◆ TASK INSTRUCTIONS:
Take each line from the entries that holds "β³οΈ" and copy it out.

◆ WORKING DATA:

- - - - -

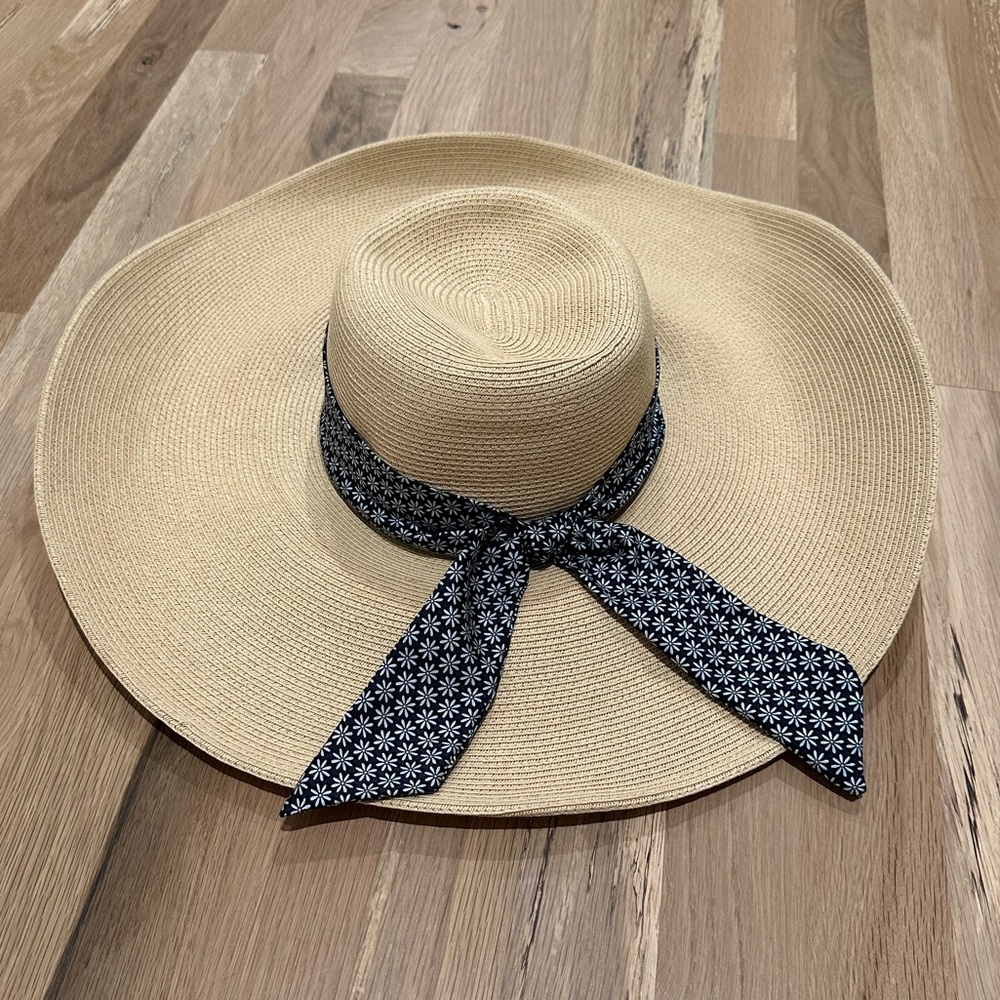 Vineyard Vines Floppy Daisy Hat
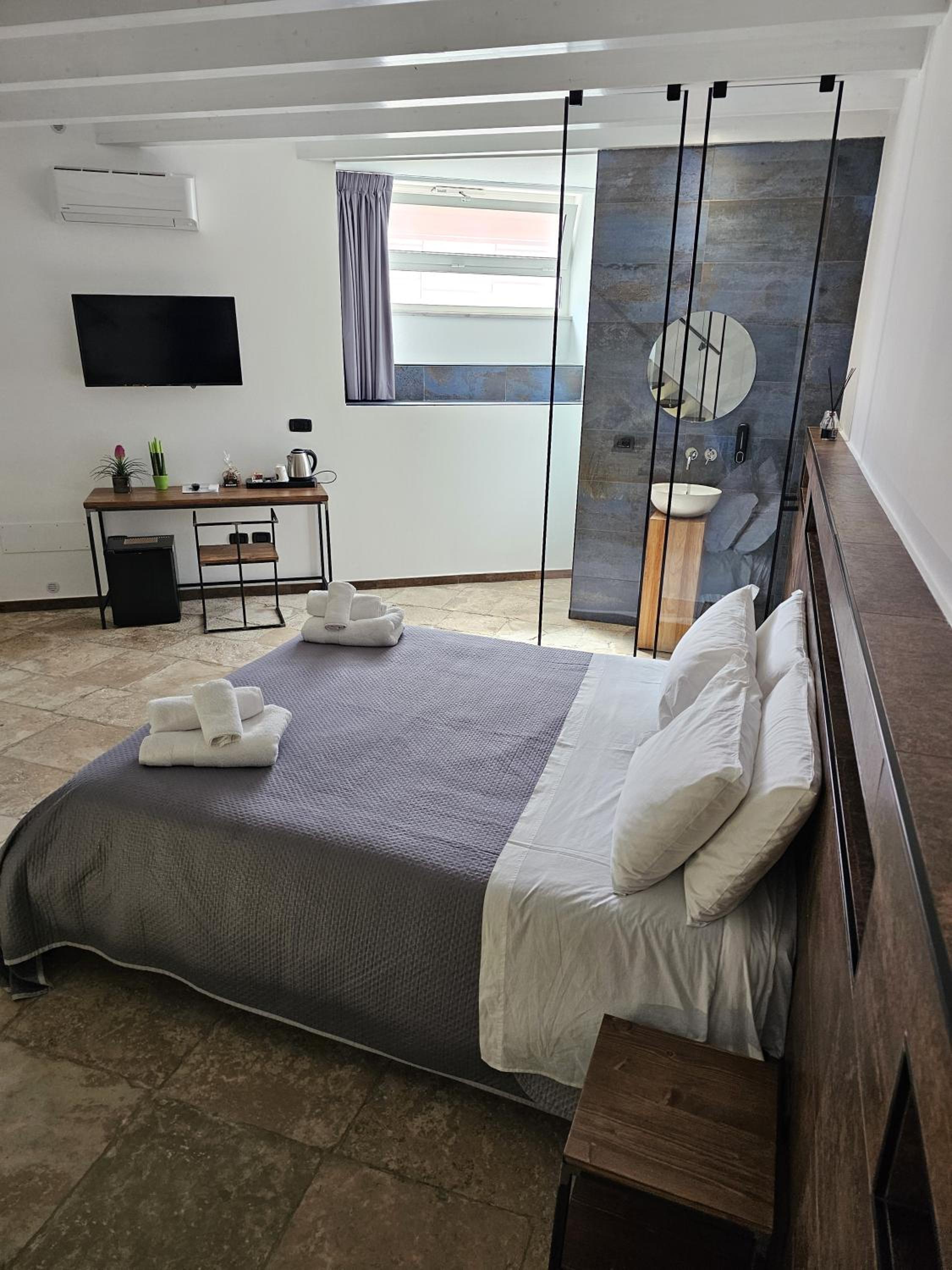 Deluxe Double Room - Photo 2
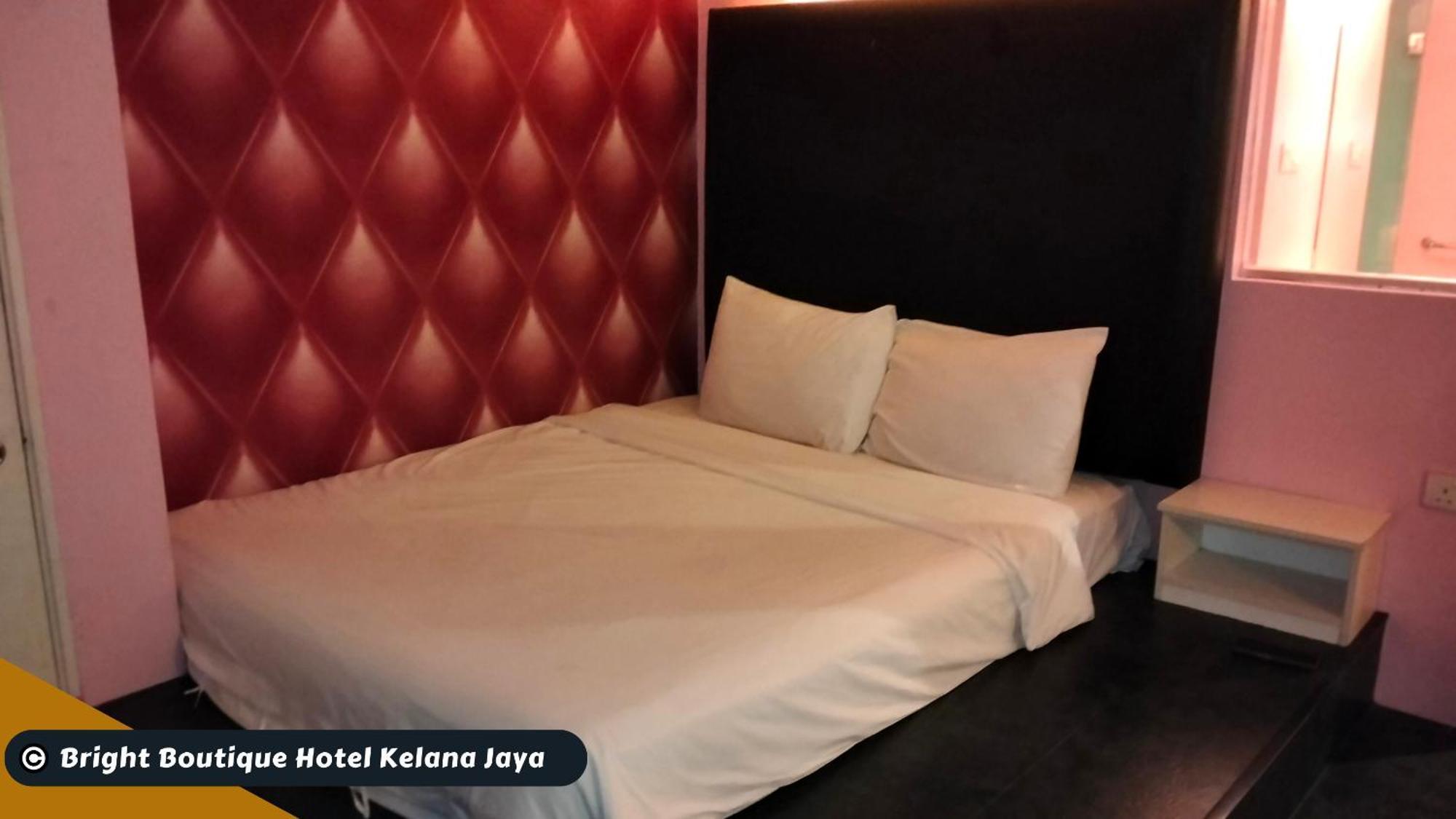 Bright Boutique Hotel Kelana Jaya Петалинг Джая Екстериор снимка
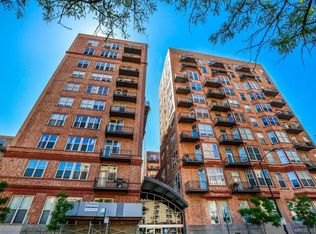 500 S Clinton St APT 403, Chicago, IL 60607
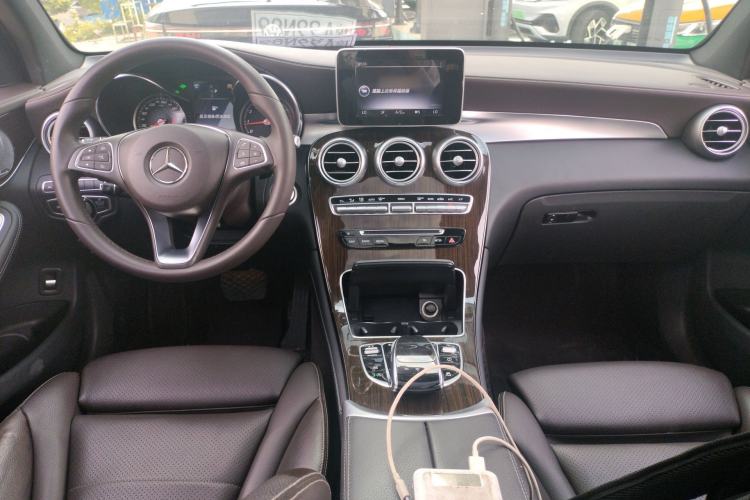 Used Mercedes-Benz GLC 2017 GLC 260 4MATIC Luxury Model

- - - - -

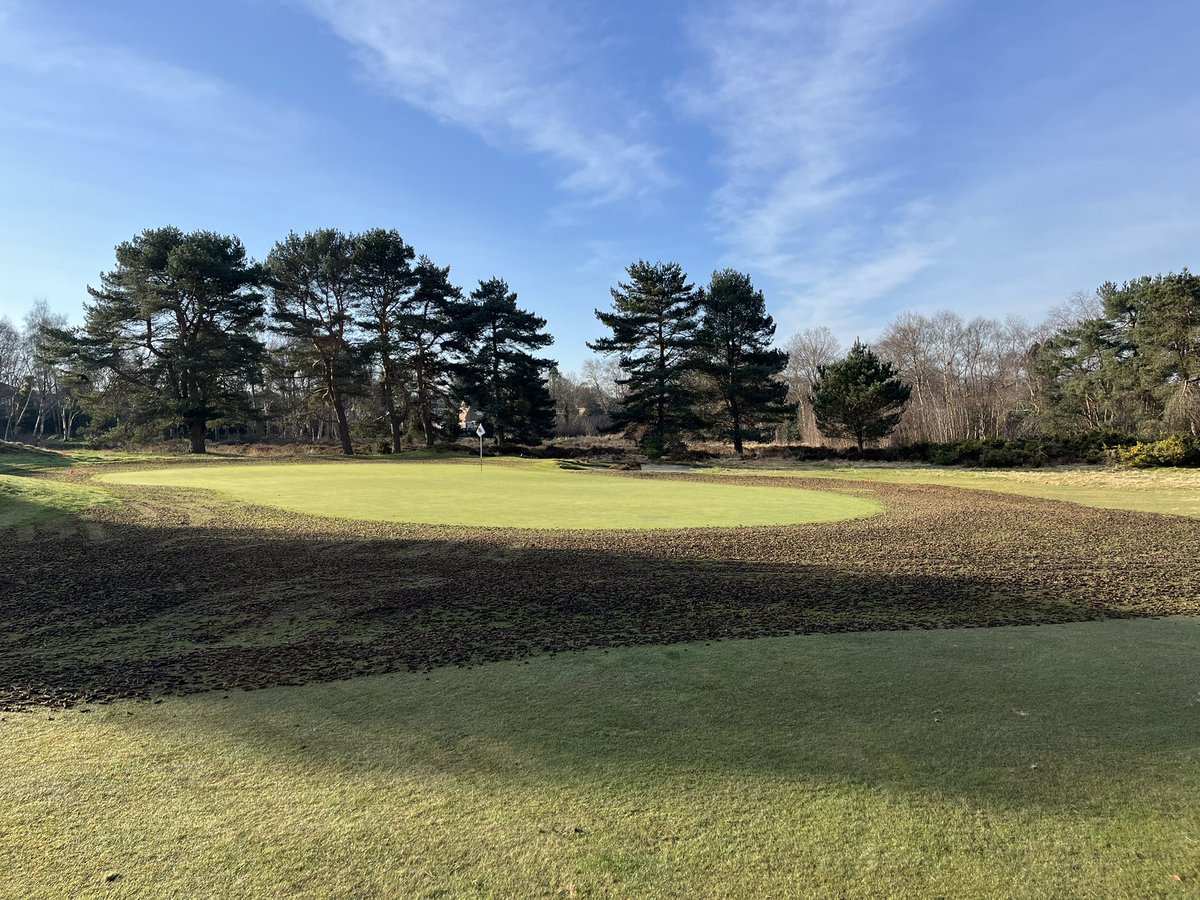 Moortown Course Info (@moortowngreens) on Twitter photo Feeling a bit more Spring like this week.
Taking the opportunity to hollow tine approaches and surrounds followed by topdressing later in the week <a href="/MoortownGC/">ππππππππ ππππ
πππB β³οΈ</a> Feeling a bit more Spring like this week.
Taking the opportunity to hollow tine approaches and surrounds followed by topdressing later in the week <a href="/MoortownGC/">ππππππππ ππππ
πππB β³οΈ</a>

- - - - -

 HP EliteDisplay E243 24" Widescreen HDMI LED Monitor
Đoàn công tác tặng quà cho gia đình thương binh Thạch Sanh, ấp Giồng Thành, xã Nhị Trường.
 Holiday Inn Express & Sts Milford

- - - - -

◆ FINISHED TASK:
πππB β³οΈ</a> Feeling a bit more Spring like this week.
πππB β³οΈ</a>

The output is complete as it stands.